Before KNOCH, Senior Circuit Judge, SWYGERT, Circuit Judge, and GORDON, District Judge.
MYRON L. GORDON, District Judge.1
Marvin Glass & Associates brought a declaratory judgment action under 28 U.S.C. §§ 2201 and 2202 to determine their rights pursuant to a contract with Frederick Gardel and Algar Licensing Corporation. It is undisputed that the parties had a one year written contract whereby the plaintiff was to pay the defendants a 40% commission on any royalties which the plaintiff received from European manufacturers as a result of the defendants' activities as a licensing agent. The contract was executed on March 28, 1967; this action was begun on May 23, 1968.
In their answer and counterclaim, the defendants allege that the written one year contract was extended in June, 1967 for an additional two years by an oral agreement. The counterclaim states that the plaintiff was paid $25,000 in royalties as a result of the defendants' efforts, and thus a demand for 40% of this royalty payment is made.
The trial court granted the plaintiff's motion for summary judgment on the complaint and also the plaintiff's motion to dismiss the counterclaim. In our opinion, the court was correct in awarding a summary judgment to the plaintiff on its complaint; such judgment determined that the contract was at an end, and that the defendants were to desist from representing themselves as the exclusive licensing agents of the plaintiff in Europe.
We agree with the observation of the trial judge, who stated that "an oral contract which cannot be performed within the space of one year * * * is unenforceable in law as violating the Statute of Frauds, Illinois Revised Statute, 1967, Chapter 59, Section 1." Since the alleged oral contract was to run for more than one year, it is unenforceable, and the trial court properly found that the express contract between the plaintiff and the defendants had come to an end. Sheehan v. Reardon, 223 Ill.App. 365 (1921); Taylor v. Scott, Foresman & Company, 178 Ill.App. 487 (1913).
Even though the express contract was unenforceable after March 28, 1968, it does not follow that the defendants have no right to a trial on their counterclaim. If the alleged royalty payment of $25,000 was made to the plaintiff as a result of the defendants' services prior to March 28, 1968, the defendants would be entitled to pursue their claim under the terms of the written contract.
If the defendants' efforts produced royalties, they would be entitled to maintain an action under the equitable theory of unjust enrichment, even if the services were rendered after March 28, 1968. This remedy has long been recognized under Illinois law. In re Breault's Estate, 63 Ill.App.2d 246, 211 N.E.2d 424 (1965), and Beatrice Foods Co. v. Gallagher, 47 Ill.App.2d 9, 197 N.E.2d 274 (1964). In Board of Highway Commissioners of Bloomington Twp. v. City of Bloomington, 253 Ill. 164, 97 N.E. 280, 285 (1912), the court said:
"The action is maintainable in all cases where one person has received money or its equivalent under such circumstances that in equity and good conscience he ought not to retain it * * *."

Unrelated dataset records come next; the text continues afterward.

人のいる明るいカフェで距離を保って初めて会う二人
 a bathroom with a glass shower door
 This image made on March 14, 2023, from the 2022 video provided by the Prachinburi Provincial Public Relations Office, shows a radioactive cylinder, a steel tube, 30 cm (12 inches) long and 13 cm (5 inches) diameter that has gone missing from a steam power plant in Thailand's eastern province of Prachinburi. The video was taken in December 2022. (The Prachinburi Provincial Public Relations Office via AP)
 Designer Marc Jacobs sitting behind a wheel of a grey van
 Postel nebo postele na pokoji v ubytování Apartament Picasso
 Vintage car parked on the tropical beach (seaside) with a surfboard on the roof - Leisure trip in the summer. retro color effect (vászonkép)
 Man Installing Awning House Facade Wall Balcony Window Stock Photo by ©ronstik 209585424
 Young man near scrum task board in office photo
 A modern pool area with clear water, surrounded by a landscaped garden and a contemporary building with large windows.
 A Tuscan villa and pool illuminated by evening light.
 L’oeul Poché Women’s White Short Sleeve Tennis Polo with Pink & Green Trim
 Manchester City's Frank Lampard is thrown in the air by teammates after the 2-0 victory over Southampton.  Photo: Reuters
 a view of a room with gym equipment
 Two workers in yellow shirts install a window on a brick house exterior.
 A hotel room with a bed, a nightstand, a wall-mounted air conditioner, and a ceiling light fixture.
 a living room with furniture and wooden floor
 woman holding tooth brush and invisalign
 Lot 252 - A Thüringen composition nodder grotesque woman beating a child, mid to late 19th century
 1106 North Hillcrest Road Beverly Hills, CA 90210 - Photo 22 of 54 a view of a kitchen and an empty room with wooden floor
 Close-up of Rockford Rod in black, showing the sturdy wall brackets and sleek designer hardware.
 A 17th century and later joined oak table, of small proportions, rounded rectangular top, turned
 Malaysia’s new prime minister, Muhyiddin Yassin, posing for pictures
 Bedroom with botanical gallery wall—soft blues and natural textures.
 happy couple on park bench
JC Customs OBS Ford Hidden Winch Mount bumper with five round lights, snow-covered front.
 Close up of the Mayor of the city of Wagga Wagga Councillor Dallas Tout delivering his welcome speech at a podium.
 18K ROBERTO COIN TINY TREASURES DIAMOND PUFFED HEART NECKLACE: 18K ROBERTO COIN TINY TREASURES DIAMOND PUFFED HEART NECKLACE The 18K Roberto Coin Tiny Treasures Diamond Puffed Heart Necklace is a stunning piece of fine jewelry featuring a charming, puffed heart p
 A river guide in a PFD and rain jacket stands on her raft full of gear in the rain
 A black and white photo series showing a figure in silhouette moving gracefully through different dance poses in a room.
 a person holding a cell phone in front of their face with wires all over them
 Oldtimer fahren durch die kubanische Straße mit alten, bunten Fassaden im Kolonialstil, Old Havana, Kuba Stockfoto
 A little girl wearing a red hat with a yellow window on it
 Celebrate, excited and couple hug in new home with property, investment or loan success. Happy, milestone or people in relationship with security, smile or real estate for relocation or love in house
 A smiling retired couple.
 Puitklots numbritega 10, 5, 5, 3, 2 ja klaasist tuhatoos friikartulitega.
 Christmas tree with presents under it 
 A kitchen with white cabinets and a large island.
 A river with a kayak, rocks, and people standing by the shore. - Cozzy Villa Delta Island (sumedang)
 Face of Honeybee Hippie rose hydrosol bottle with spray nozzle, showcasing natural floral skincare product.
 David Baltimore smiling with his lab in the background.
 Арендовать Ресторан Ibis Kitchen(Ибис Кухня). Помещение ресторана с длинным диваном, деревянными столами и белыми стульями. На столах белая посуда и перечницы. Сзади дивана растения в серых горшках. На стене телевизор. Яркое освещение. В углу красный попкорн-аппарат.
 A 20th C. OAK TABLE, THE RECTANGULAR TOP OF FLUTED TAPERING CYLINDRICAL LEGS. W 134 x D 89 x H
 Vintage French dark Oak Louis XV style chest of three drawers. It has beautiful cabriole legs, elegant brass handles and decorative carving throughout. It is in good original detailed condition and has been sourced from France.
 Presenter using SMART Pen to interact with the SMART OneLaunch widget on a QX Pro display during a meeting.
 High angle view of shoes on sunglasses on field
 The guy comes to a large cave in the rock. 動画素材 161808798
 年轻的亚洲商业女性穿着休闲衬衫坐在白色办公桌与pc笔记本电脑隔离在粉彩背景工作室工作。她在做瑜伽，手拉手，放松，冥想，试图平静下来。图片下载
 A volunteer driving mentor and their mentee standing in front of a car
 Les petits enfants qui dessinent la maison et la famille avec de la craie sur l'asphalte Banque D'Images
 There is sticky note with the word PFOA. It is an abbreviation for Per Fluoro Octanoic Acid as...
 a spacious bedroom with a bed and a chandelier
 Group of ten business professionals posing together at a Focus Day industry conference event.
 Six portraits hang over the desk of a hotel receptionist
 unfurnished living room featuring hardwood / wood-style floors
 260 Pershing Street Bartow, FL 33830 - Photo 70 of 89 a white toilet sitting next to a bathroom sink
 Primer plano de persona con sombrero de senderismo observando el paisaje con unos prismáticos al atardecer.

The defendants agree that they can receive nothing for any efforts expended after the start of this action; thus, the unjust enrichment theory would apply only to services performed by the defendants, for the plaintiff's benefit, between March 28, 1968 and May 23, 1968.
That part of the district court's order which grants the plaintiff's motion for summary judgment is affirmed; that part of said order which dismisses the defendants' counterclaim is reversed and remanded for further proceedings.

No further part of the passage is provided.